▶ Exercise: Take the lines below between the one holding "奧赫米卡峽谷的紅葉 奧赫米卡峽谷的紅葉 83713946" and the one holding "Fuse Modular Terminal", inclusive, and copy them exactly. Add nothing.

▶ Entries provided:
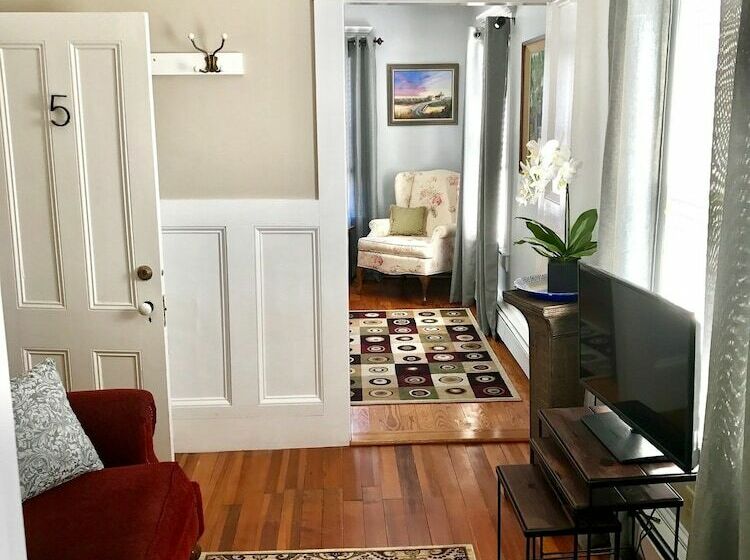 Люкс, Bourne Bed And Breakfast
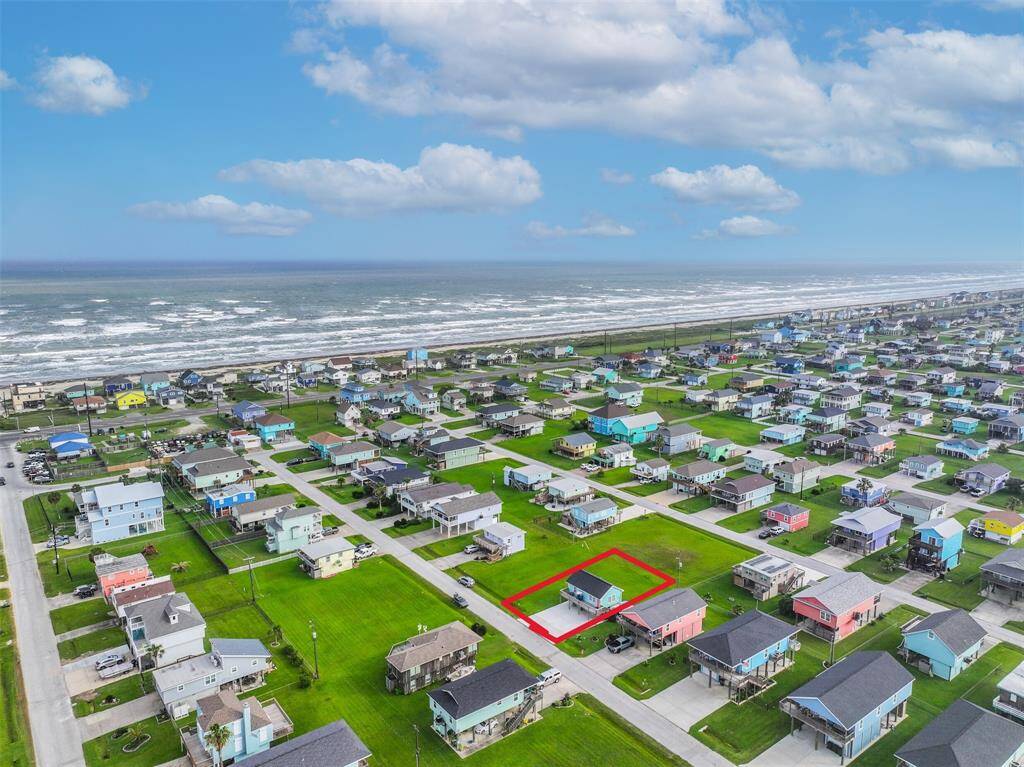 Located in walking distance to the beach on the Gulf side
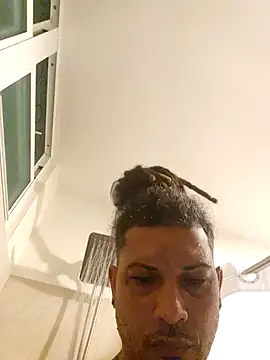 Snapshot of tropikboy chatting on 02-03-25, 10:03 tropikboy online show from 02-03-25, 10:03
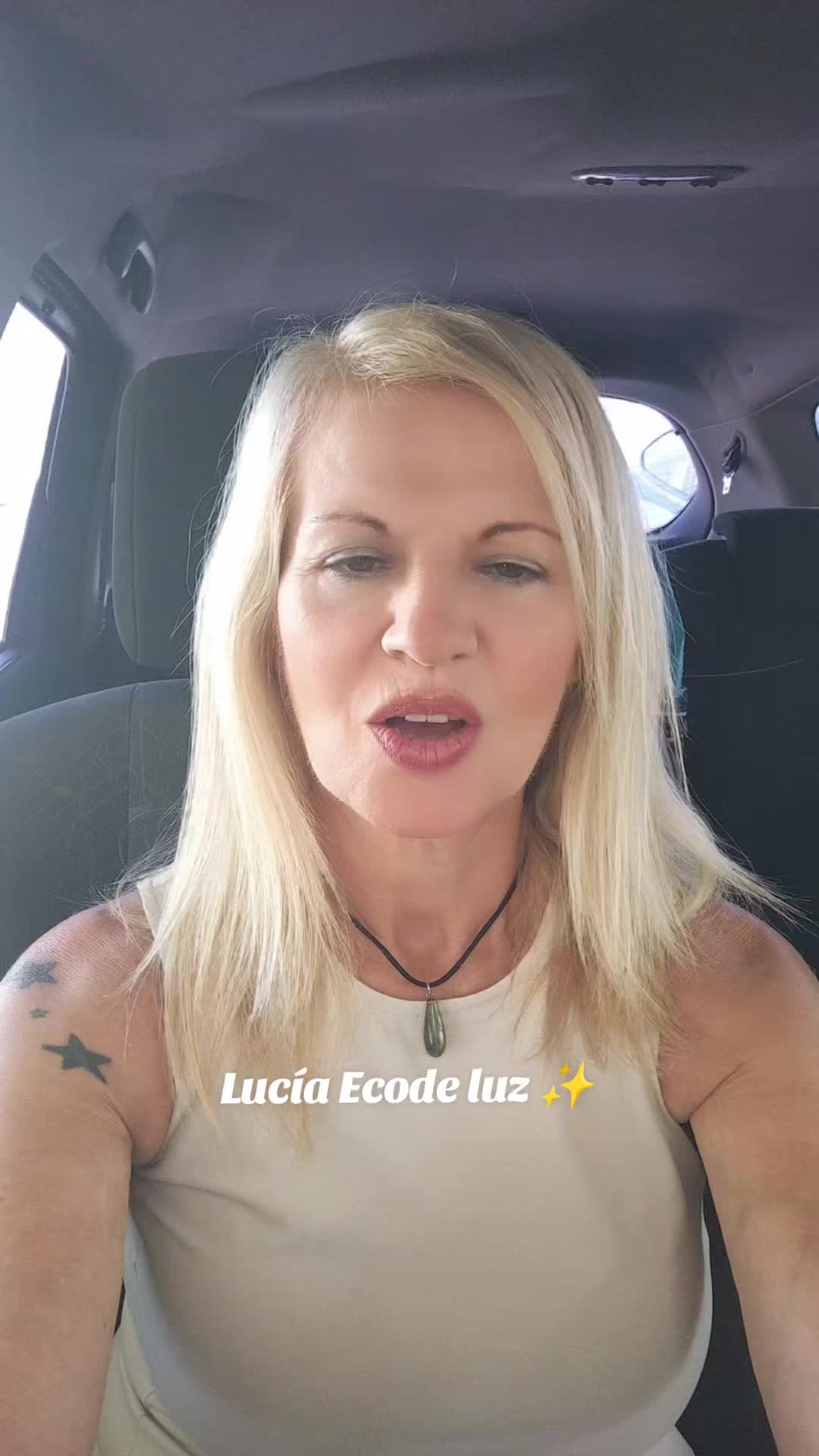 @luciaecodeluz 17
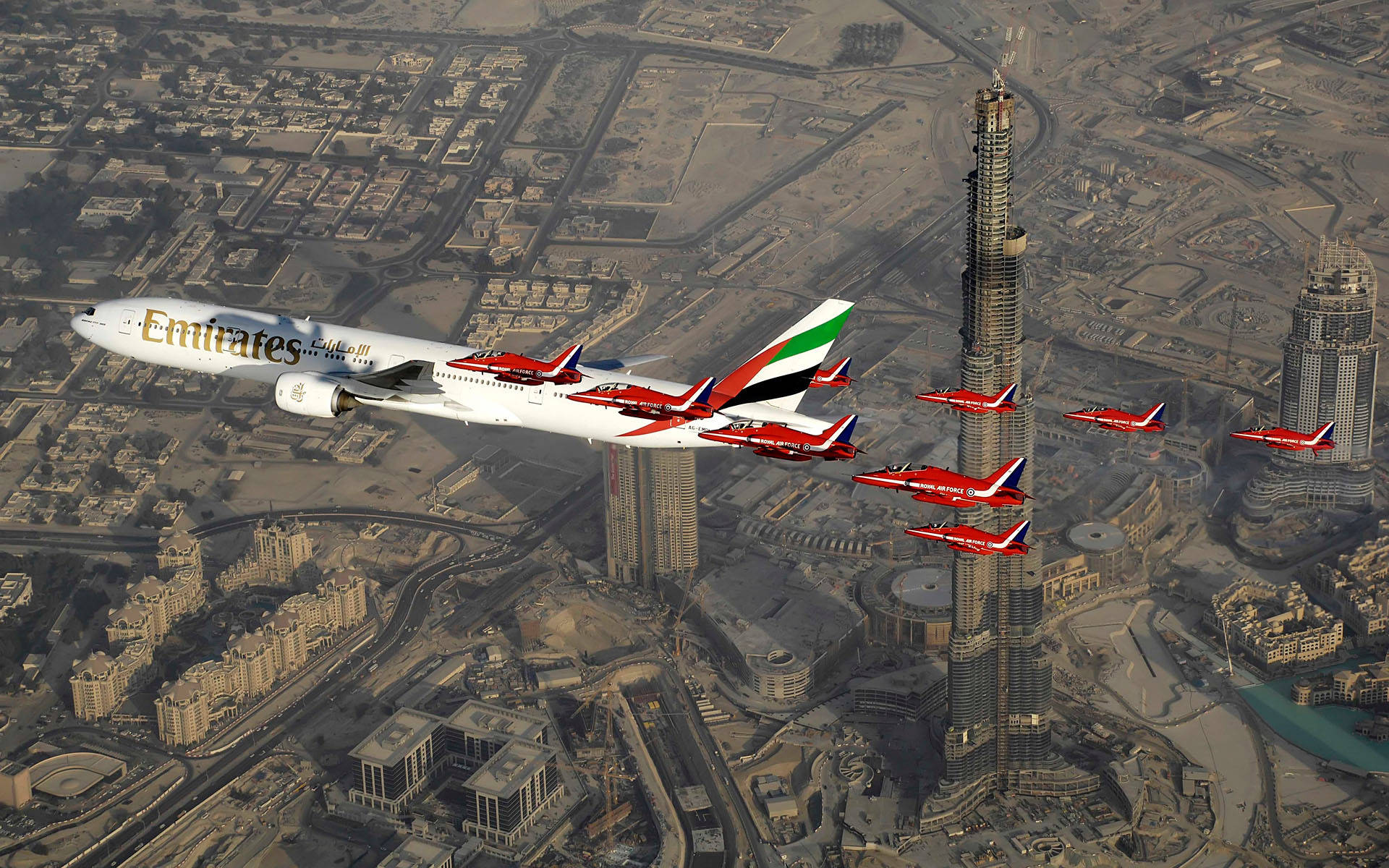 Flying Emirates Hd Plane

==

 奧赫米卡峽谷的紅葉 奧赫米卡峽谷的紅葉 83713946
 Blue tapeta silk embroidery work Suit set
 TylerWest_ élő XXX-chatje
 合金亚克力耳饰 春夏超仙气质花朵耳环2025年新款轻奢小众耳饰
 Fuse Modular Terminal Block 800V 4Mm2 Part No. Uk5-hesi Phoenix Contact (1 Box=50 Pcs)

--

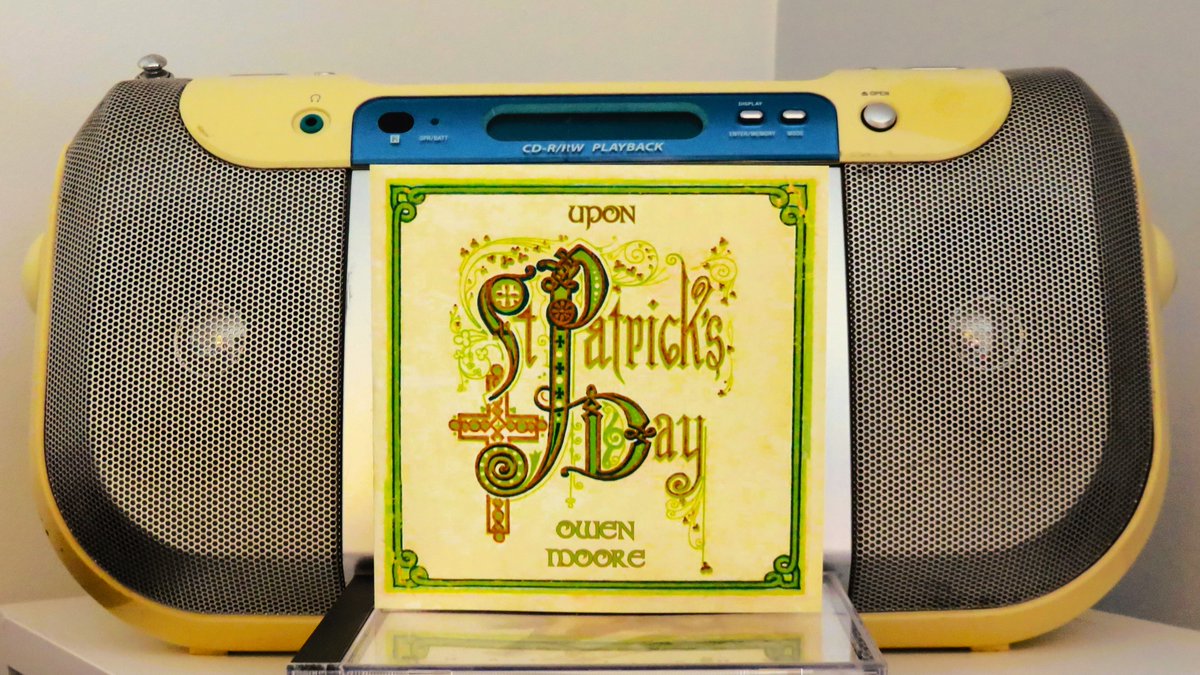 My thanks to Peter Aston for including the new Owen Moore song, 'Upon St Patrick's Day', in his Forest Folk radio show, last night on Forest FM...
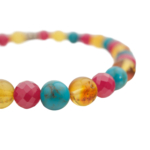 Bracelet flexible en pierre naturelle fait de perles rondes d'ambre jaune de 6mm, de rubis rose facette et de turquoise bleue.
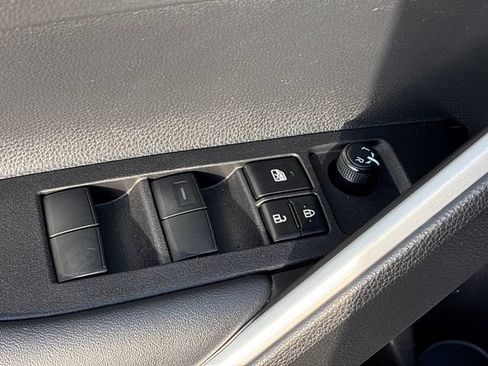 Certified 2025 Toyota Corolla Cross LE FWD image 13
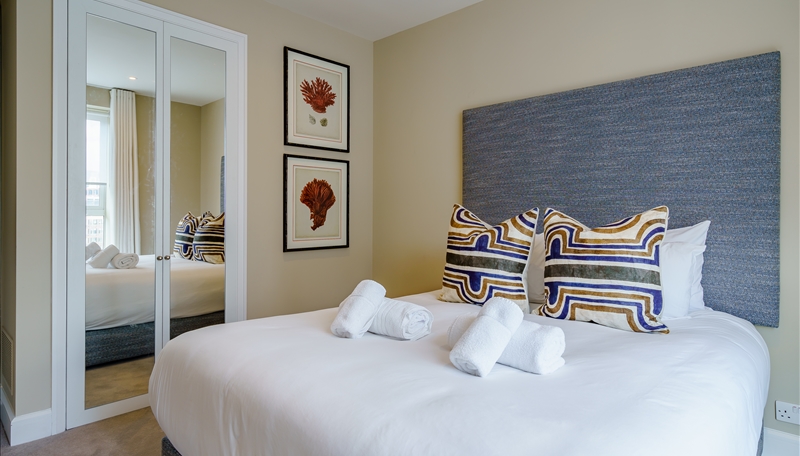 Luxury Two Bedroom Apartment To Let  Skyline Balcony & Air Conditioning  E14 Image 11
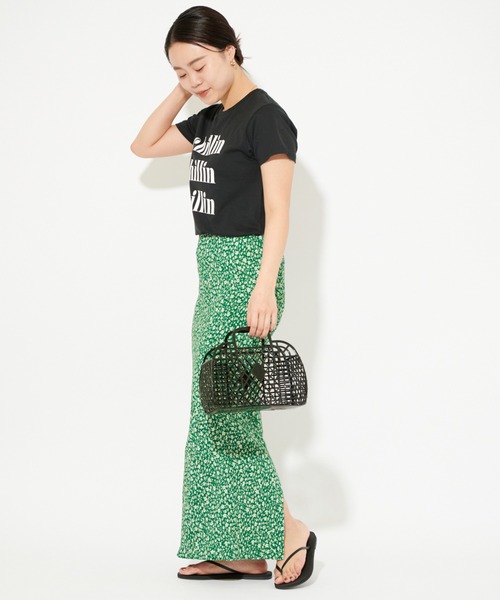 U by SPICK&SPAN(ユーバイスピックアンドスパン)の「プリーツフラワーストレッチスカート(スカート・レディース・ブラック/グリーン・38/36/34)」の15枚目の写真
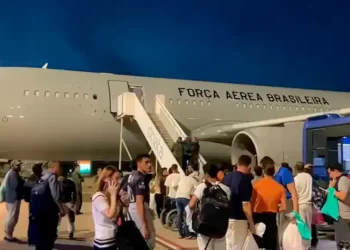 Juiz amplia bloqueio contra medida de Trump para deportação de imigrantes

▶ Task output:
 奧赫米卡峽谷的紅葉 奧赫米卡峽谷的紅葉 83713946
 Blue tapeta silk embroidery work Suit set
 TylerWest_ élő XXX-chatje
 合金亚克力耳饰 春夏超仙气质花朵耳环2025年新款轻奢小众耳饰
 Fuse Modular Terminal Block 800V 4Mm2 Part No. Uk5-hesi Phoenix Contact (1 Box=50 Pcs)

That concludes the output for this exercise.